Sensitivity of the PA-MCDA assay
The genomic templates of P. aeruginosa were serially diluted (10 ng, 1 ng, 100 pg, 10 pg, 1 pg, 100 fg, 10 fg and 1 fg per microliter) with the intent of verifying the limit of detection (LoD), and 1μl of each serial dilution was then added to the MCDA reaction mixtures. The LoD of the MCDA assay was confirmed by the genomic DNA concentration of the template. MCDA results were detected using a colorimetric indicator, malachite green, MG (BeiJing- Hai Tai Zheng Yuan Technology Co., Ltd.) and 2.5% agarose gel electrophoresis.
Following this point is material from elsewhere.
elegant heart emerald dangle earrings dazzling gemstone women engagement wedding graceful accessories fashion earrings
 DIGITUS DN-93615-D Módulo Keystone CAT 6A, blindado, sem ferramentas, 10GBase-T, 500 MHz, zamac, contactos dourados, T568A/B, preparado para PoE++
Verification of the PA–MCDA assay
This study was conducted in the 30-bed ICU of The Third Hospital of Xiamen in Fujian province, which is a 1200-bed hospital in China. A total of 102 patients enrolled in this study who were suspected VAP from 1st January 2018 to 14th March 2020. Patients satisfied two or more of the following criteria: fever > 38.5°C, leukocytosis > 109/L or leukopenia < 4×108/L, purulent tracheobronchial secretions, and a new or persistent infiltrate on chest radiography. The following data were recorded: demographic characteristics, indication(s) for ICU admission, prior antimicrobial therapy within 2 months before VAP, duration of mechanical ventilation before VAP, Clinical pulmonary infection score (CPIS) including temperature, blood leukocytes, tracheal secretions, oxygenation and pulmonary radiography, usual biochemical and hematological tests.
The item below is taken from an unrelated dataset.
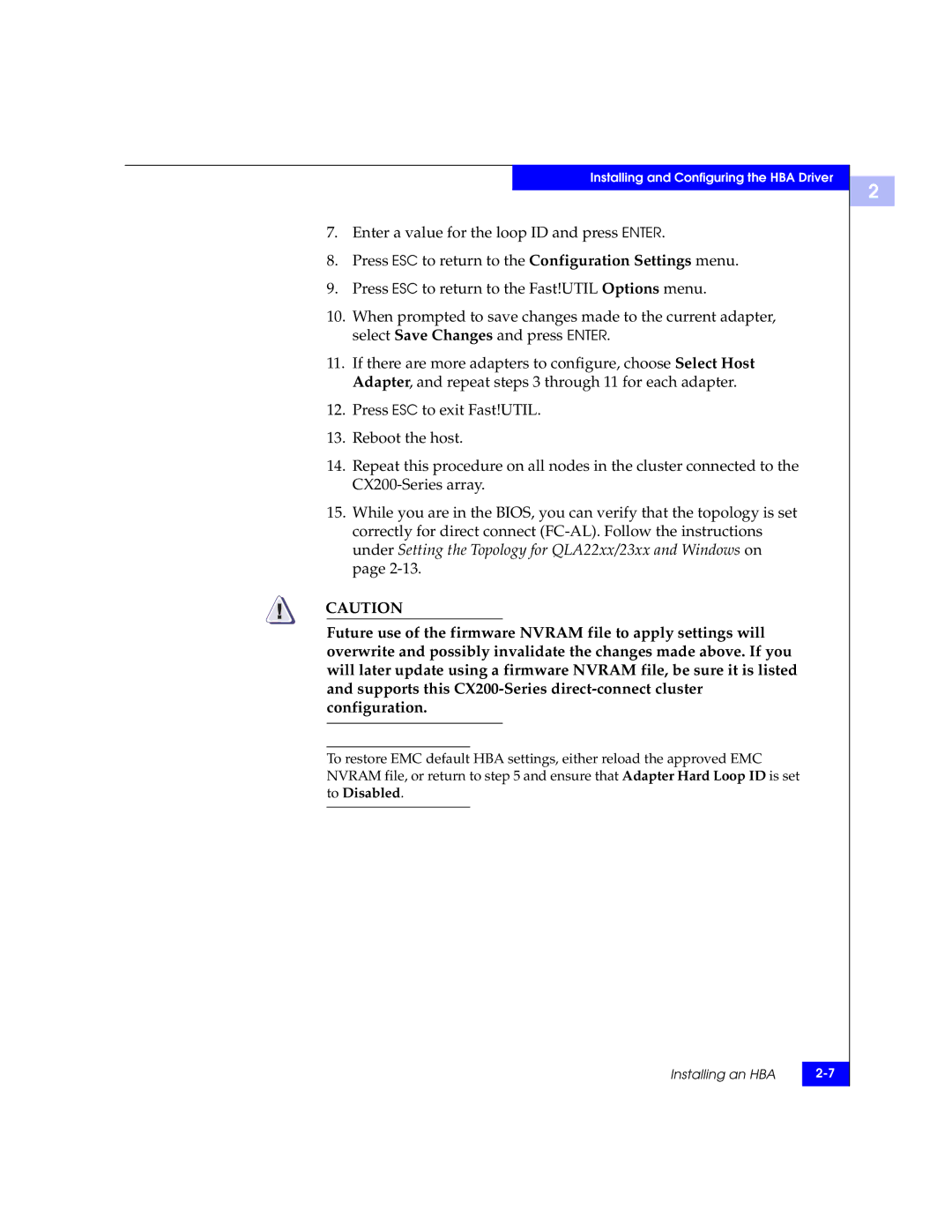 EMC QLA22xx, QLA23xx manual Installing an HBA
The BALF were abstracted in one bottle, following which, one half (5ml) processed for standard culture by the clinical microorganism laboratory of the Third Hospital of Xiamen and the other 5ml stored at -70°C until the time of DNA extraction. BALF was plated on chocolate, sheep blood, and MacConkey agar plates and incubated for 48-72 h according to routine clinical protocol. The DNA extraction from BALF method was described before. In this procedure, 1μl of the extracted DNA template of the BALF specimen was added to the PA-MCDA assay and the reactions were performed at an optimal amplification temperature for 45 min. The products were detected by a color change and compared to the results of a standard clinical culture, which was blinded to the research investigators. This study was approved by the local ethics committee of the Third Hospital of Xiamen, and performed according to the ethical standards of the latest revision of the Declaration of Helsinki. Written and informed consent was obtained from family members or the appropriate responsible parties.
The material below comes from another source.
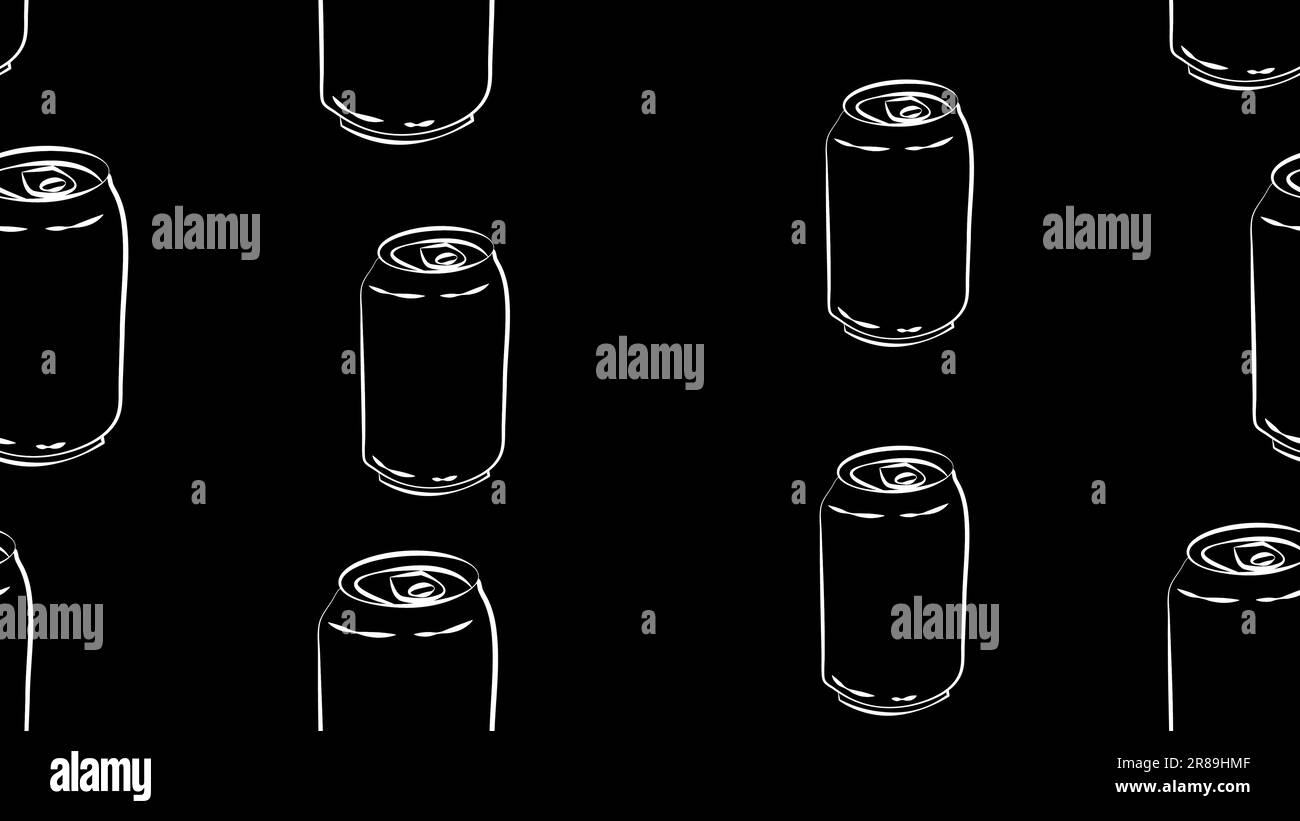 bottiglie di stagno su sfondo nero, illustrazione vettoriale, motivo. bottiglia per bevande e limonate. contenitore per soda rossa. motivo senza cuciture nello stile Illustrazione Vettoriale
Continuous variables of patients’ characteristics were reported as the means±standard deviations (SD) or the medians (interquartile ranges (IQR)), and categorical variables were reported as numbers (%). The accuracy of the PA-MCDA assay was compared with the microbiological culture in a cross-sectional analysis. P value < 0.05 was considered significant. Statistical analysis was performed using SPSS version 20.0 for Windows (SPSS Inc., Chicago, IL, USA).